GridSearchCV(cv=4, error_score='raise-deprecating',
       estimator=XGBRegressor(base_score=None, booster=None, colsample_bylevel=None,
       colsample_bynode=None, colsample_bytree=None, gamma=None,
       gpu_id=None, importance_type='gain', interaction_constraints=None,
       learning_rate=None, max_delta_step=None, max_depth=4,
       min_child_weigh..._pos_weight=None, subsample=None,
       tree_method=None, validate_parameters=None, verbosity=None),
       fit_params=None, iid='warn', n_jobs=None,
       param_grid={'subsample': array([0.5    , 0.66667, 0.83333, 1.     ])},
       pre_dispatch='2*n_jobs', refit=True, return_train_score='warn',
       scoring=None, verbose=0)

In [32]:
# Find out best parameters and their score
# /scrub/
grid_search.best_params_, grid_search.best_score_

({'subsample': 1.0}, 0.8302317921178423)

In [33]:
# Get report on grid search results
# /scrub/
pd.DataFrame(grid_search.cv_results_)

Unnamed: 0,mean_fit_time,std_fit_time,mean_score_time,std_score_time,param_subsample,params,split0_test_score,split1_test_score,split2_test_score,split3_test_score,mean_test_score,std_test_score,rank_test_score,split0_train_score,split1_train_score,split2_train_score,split3_train_score,mean_train_score,std_train_score
0,0.63049,0.012615,0.007188,0.000998,0.5,{'subsample': 0.5},0.74725,0.829442,0.841482,0.759477,0.794444,0.041501,4,0.999998,0.999997,0.999987,0.999989,0.999993,5e-06
1,0.641308,0.006942,0.00746,0.000398,0.666667,{'subsample': 0.6666666666666666},0.745475,0.879521,0.822575,0.84146,0.82224,0.048864,2,0.999999,1.0,0.999991,0.99999,0.999995,4e-06
2,0.68503,0.031581,0.007378,0.000605,0.833333,{'subsample': 0.8333333333333333},0.774624,0.810427,0.837766,0.799023,0.805466,0.022707,3,1.0,1.0,0.999992,0.999992,0.999996,4e-06
3,0.662147,0.00881,0.006888,0.000425,1.0,{'subsample': 1.0},0.794896,0.864909,0.844113,0.816961,0.830232,0.026561,1,0.999999,0.999999,0.999993,0.999993,0.999996,3e-06


The effect of one hyperparameter typically depends on the values of other hyperparameters -- for instance, increasing "max_depth" will have no effect if "min_child_weight" is sufficiently large. For this reason, it is generally valuable to do grid searches over multiple parameters simultaneously, rather than fixing one hyperparameter at a time. However, testing many combinations of many parameters can take a long time.

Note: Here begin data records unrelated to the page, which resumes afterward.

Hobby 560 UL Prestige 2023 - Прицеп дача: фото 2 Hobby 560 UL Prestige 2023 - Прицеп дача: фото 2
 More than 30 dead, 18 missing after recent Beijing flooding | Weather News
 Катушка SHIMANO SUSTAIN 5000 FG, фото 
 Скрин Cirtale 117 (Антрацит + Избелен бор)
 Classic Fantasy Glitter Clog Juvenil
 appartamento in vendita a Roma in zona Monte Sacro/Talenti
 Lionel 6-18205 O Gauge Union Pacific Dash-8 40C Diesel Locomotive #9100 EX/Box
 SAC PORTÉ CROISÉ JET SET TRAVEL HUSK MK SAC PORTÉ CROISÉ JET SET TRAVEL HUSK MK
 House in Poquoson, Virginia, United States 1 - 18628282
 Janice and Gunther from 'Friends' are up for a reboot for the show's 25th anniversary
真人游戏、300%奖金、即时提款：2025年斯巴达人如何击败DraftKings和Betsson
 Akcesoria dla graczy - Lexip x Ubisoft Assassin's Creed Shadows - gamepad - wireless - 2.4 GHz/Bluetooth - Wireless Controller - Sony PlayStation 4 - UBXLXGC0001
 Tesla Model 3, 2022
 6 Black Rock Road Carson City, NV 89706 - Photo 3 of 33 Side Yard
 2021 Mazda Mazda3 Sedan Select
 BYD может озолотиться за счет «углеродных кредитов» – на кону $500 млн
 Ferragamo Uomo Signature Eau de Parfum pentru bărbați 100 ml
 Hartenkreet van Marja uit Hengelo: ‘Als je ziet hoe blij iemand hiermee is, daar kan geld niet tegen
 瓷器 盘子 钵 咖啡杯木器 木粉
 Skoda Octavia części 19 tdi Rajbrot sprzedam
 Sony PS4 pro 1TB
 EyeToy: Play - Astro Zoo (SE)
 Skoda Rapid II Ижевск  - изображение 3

#### Lower Learning Rate and Increase the Number of Trees.

In [34]:
# Divide the learning rate by 10 and vary number of trees
# /scrub/
for num_trees in range(100, 3101, 500):
    xgb_reg = xgb.XGBRegressor(
        learning_rate=.01,
        n_estimators=num_trees,
        max_depth=4,
        min_child_weight=1,
        subsample=0.67,
    )
    print(num_trees, np.array(cross_val_score(xgb_reg, X, y, cv=kf)).mean())

100 -0.08719699741574949
600 0.8563178936418027
1100 0.8628480853282022
1600 0.864961902310833
2100 0.8656006970610834
2600 0.8662852078324466
3100 0.866567178314925


**Exercise (open-ended, in pairs)**

- Create the best XGBoost model you can for the Titanic dataset, as measured by accuracy in five-fold cross-validation. Use `GridSearchCV` at least once to search over at least two hyperparameters at a time.

$\blacksquare$

## Summary

- `XGBoost` is a popular decision tree ensemble algorithm.
- `XGBoost` uses gradient boosting, meaning that each tree attempts to correct the errors of previous trees.
- scikit-learn's `GridSearchCV` helps with testing hyperparameter values.